В своем введении Пушкин разворачивает панораму северной Пальмиры, которая знакома нам по описаниям: Державина, Вяземского, Батюшкова; эта панорама не есть отражение отдельного места. В ней запечатлен синтетический образ Петербурга. В отдельных уголках города мы легко сможем узнать знакомые по Пушкину черты. Но синтетический образ мы, скитаясь по улицам, площадям и набережным города, сможем приобрести после долгого опыта общения с его душой. Каким же путем можно в одной экскурсии хотя бы только отчасти уловить этот синтетический образ? Для этого есть только одно средство: охватить его общий облик с высоты птичьего полета, когда панорама города разворачивается во всю ширь.
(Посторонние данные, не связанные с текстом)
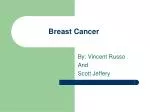 Breast Cancer - slide 1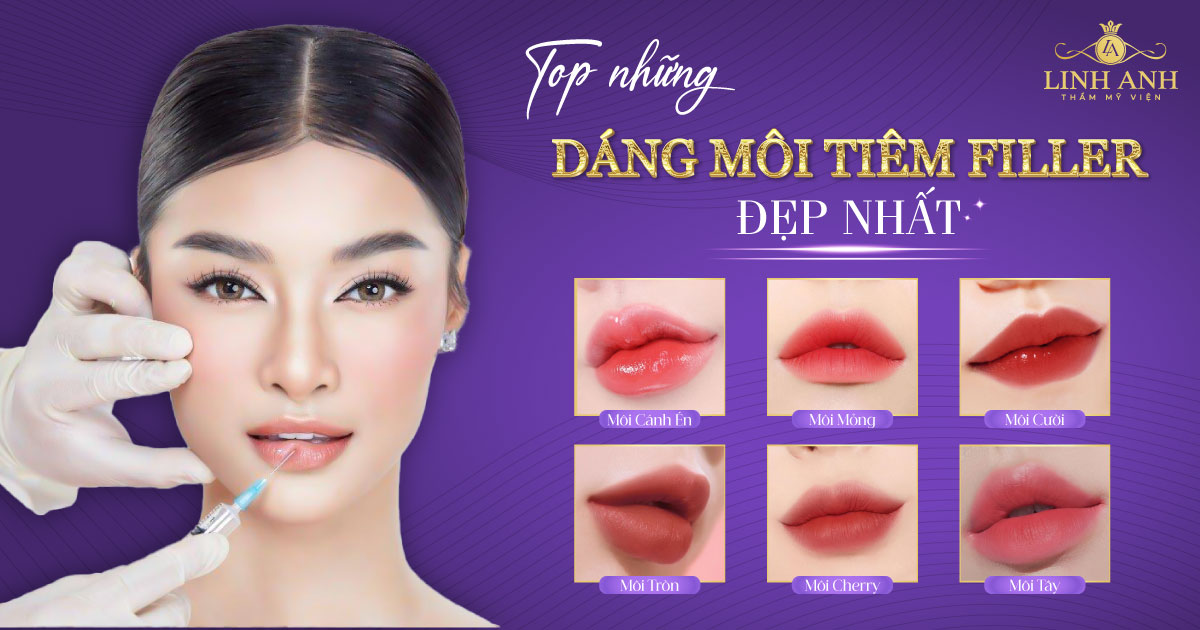 Tiêm filler Đẹp da: tìm hiểu chi tiết về phương pháp thẩm mỹ hiện Đại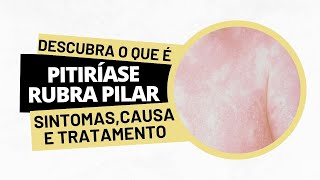 Pitiríase rubra pilar  Sintomas causa e tratamento [upl. by Vocaay]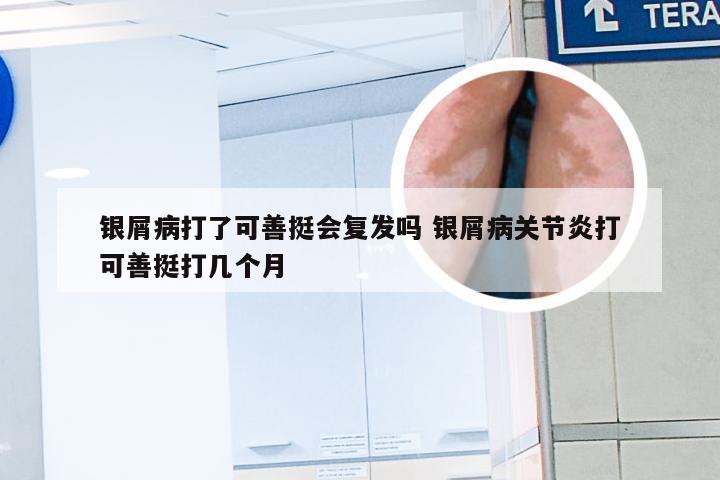 银屑病打了可善挺会复发吗 银屑病关节炎打可善挺打几个月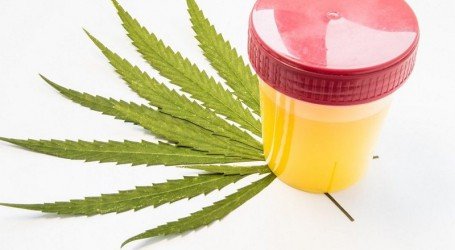 קנאביס בשתן – כיצד להיערך לקראת בדיקת שתן? המדריך המלא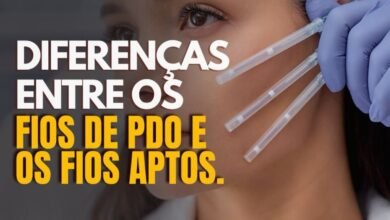 Diferença entre fios de PDO e fios Aptos: qual escolher para lifting facial?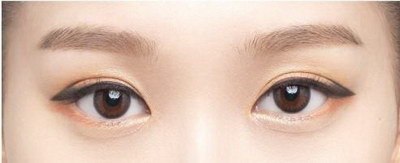割双眼皮眼综合是什么意思_眼综合和割双眼皮有什么区别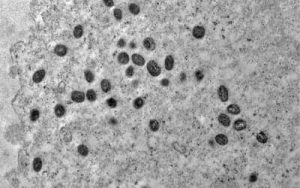 Leia mais sobre o artigo Mpox: São Paulo confirma segundo caso da doença pela nova cepa clado Ib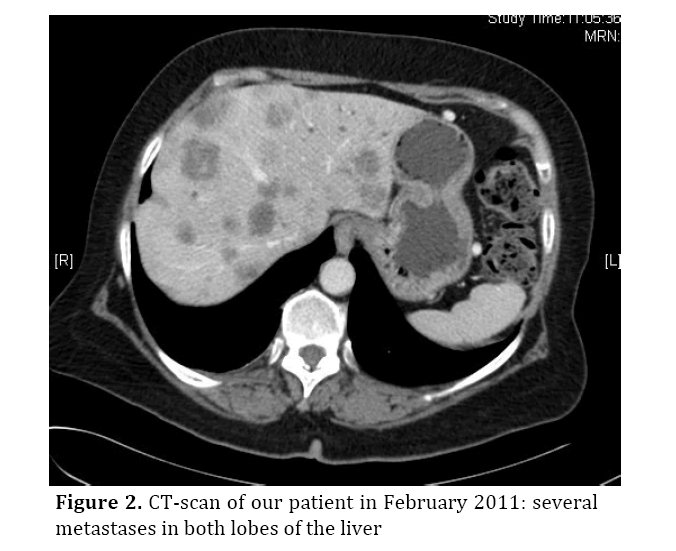 pancreas-metastases-both-lobes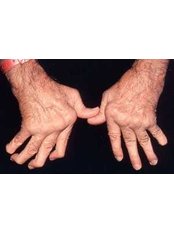 Rheumatoid Arthritis Treatment - Orthopaedic Clinic
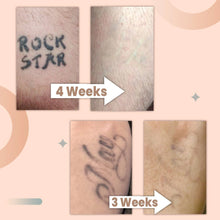 Load image into Gallery viewer, Tatoff 4 Weeks Tattoo Removal Cream
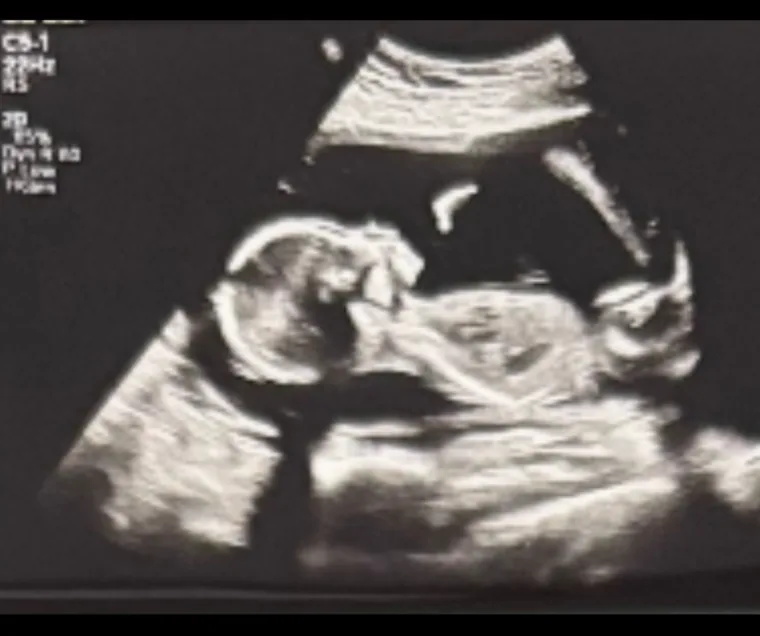 Ultrasound keepsake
К счастью, в той местности, которая является местом действия поэмы, имеются две доступные вышки: Адмиралтейской башни и купола Исаакиевского собора. Изберем последнюю возможность, так как на вышку Исаакия легче всего проникнуть и так как она является самым высоким пунктом Петербурга.
Отсюда раскрываются необъятные дали. Мутное серо-синее море в низких берегах, не сжимающих воды, а покорных им. Окрестности города унылы. Даже успокаивающей геометрически правильной линии горизонта нет. Невысокие холмы искажают ее. Нет ничего очерченного, яркого, выразительного. Легко представить себе и дельту Невы столь же безотрадную, как и ее окрестности. Пушкин в своем введении дает характеристику этому ландшафту. В обрисовке местности подчеркнуты черты убожества и мрака. Пустынные воды, бедный челн по ним стремится одиноко, кругом мшистые, топкие берега, чeрнeют избы тут и там — приют убогого чухонца; лес, неведомый лучам, в тумане спрятанное солнце… глухой шум. Все эпитеты создают впечатление хаоса.
Над хаосом царит творческий дух.
Кто Он, начертанный с большой буквой? Не названо. Так говорят о том, чье имя не приемлется всуе. Пред нами дух творящий из небытия, чудесною волей преодолено сопротивление стихий. «
Еще раз подчеркнуты тьма и топь и после этого непосредственно «вознесся пышно, горделиво». В дальнейшем описании все эпитеты выражают: гармоничность, пышность и яркость, с преобладанием светлых тонов.
Здесь все построено на противоположении тому, что было раньше до акта творения. Быстрое возвышение города не вызывает страха столь же быстрого падения.